In den 60ern trug Ray Davies die schönsten Seidenschals. Der Seidenschal strahlt eine Dandyhaftigkeit aus, die ein bisschen mit dem bodenständigen Image der Kinks - der Band, der Davies vorstand - kontrastierte. Deswegen hatte Nadeschda, die Assistentin des Münsteraner "Tatort"-Kommissars Frank Thiel, auch nicht ganz unrecht, als sie bezüglich des Seidenschals tragenden Verdächtigen Lott zischte: "Sieht doch total schwul aus" (in "Der doppelte Lott"). Tatsächlich markiert der Seidenschal in den 60ern die Ankunft einer androgynen Phase (selbst den Machismo-Rolling-Stones wurde 1967 ein "zwitteriges" Image unterstellt), die mit dem Durchbruch psychedelischer Tendenzen in der Musik einhergeht. Es ist bezeichnend, dass die Farben der Schals zu dieser Zeit von wilden Paisleymustern bestimmt wurden.

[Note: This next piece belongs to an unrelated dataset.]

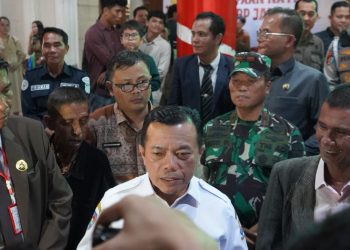 Gubernur Jambi Al Haris didampingi Forkopimda diwawancarai saat meninjau pelaksanaan ibadah Malam Natal di Gereja HKBP Kotabaru, Kota Jambi, Rabu malam (24/12/2025) (Dok, Daus)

Ebenfalls 1967 hätte man, wenn man schon geboren gewesen wäre, in einen Plattenladen gehen können, um das erste Scott-Walker-Soloalbum zu kaufen. Auf dem Cover trägt Scott Sonnenbrille und Schal und sieht aus wie ein Mann, "dessen bester Freund gerade bei einem Autounfall ums Leben gekommen ist" (Kid P. in der Zeitschrift Sounds). Es ist das beste Cover aller Zeiten. Der Schal wirkt hier tatsächlich wie Trauerflor und kommt einem Schleier gleich, hinter dem sich der Popstar wider Willen vor der Öffentlichkeit verstecken konnte. Natürlich ist ein Seidenschal höchstens dann funktional, wenn man ihn dazu benutzt, Knutschflecke zu verbergen. Ansonsten bewegt er sich auf der oberflächlichen Ebene eines Accessoires, das in Hinblick auf 60er-Jahre-Gesellschaftsnormen allerdings als weniger einengende Variante der Krawatte gelten kann, zumal der Seidenschal auch ähnlich gebunden wird.

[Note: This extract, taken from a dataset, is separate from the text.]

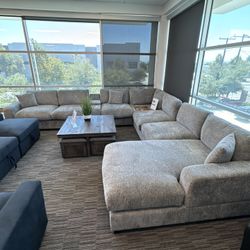 Huge Family Sofa Sectional 🥰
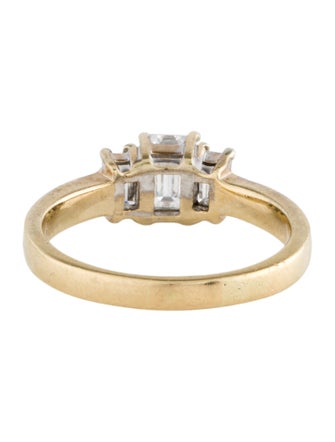 Ring 1.54ctw Diamond Three Stone Engagement Ring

Die schönsten "richtigen", also vor Kälte und Halsschmerzen schützenden Schals sind die der englischen Universitäten. Sie sind den Farben des Union Jack nachempfunden und in der Regel rot-weiß-blau gestreift (was schon fast in Richtung Trikolore weist, aber das dürfen die Engländer nie erfahren). Sie haben so etwas unangreifbar Klassisches an sich, dass man mit ihnen immer richtig liegt. Irgendwann erzählte mir der bekannte Hamburger Popstar Carsten Meyer (of Erobique- und International-Pony-Fame), dass er in London in der Bahn von einem Fahrgast ob seines Universitätsschals angesprochen wurde, weil dieser annahm, sie hätten dieselbe Uni besucht. Der Schal als Erkennungszeichen der Alma Mater also.

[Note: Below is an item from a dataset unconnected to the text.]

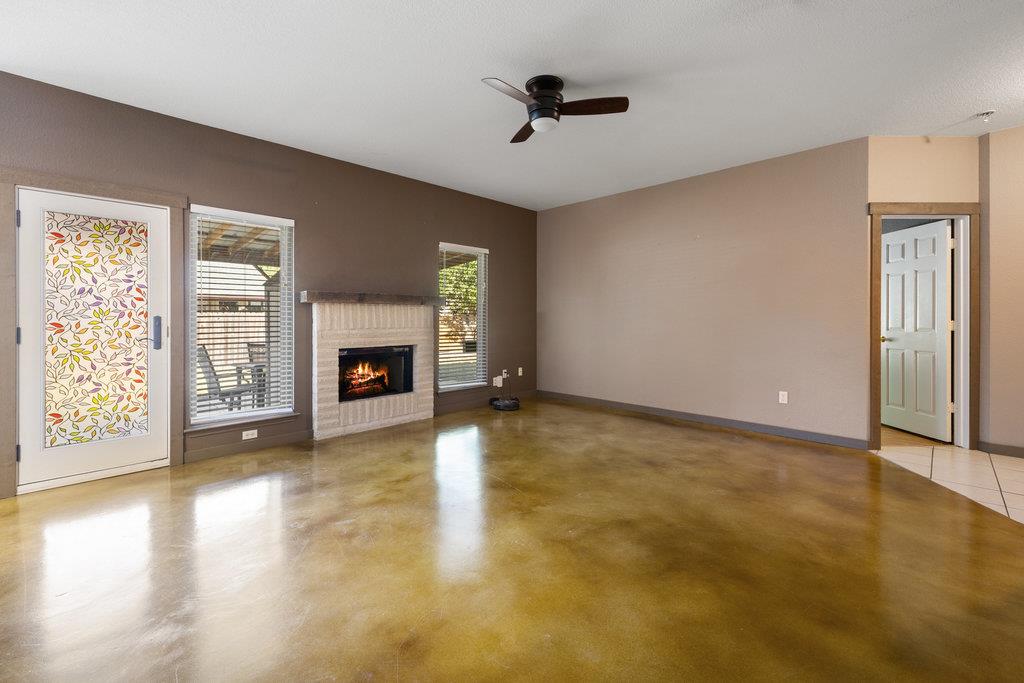 101 Bluejay Cv, Hutto, TX 78634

Zur Zeit des Wahlkampfs kommt dem Schal häufig die Funktion zu, die politische Einstellung des Trägers / der Trägerin zu repräsentieren. Franz Müntefering lässt es sich seit jeher nicht nehmen, seine vermeintlich linksgerichtete Politik durch einen roten Schal zu markieren (fast noch nervigeres Äquivalent dazu: Genschers ewige gelbe Pullover). Die Fraktionszugehörigkeit anzuzeigen ist natürlich auch im Sport eine Aufgabe, die man gern dem Schal überträgt.

Ein Halswärmer ist aufgrund seiner Unisex-Eigenschaft auch in Beziehungen ein wichtiges Kleidungsstück. So tragen Männer häufig die Schals, die ihre Freundinnen ausgemustert haben (der Autor hat das bereits am eigenen Leib erfahren). Der Schal ist dadurch mehr als andere Kleidungsstücke mit zwischenmenschlich aufgeladenen Erinnerungen behaftet, die auch Sentimentalität nicht ausschließen. "I wish I had your scarf still / That once embraced and kept me warm", sangen Kings Of Convenience auf ihrem Album "Riot On An Empty Street" (in "Stay Out Of Trouble"). Interessant, dass dem Schal hier die menschliche Fähigkeit zugeschrieben wird, seinen Träger umarmen zu können. Es handelt sich folglich um ein Accessoire, das Nähe und Intimität symbolisiert. Und ein Kleidungsstück, das diese positiven Merkmale in sich vereint, wird der Menschheit in Ermangelung besserer Alternativen noch eine Weile erhalten bleiben.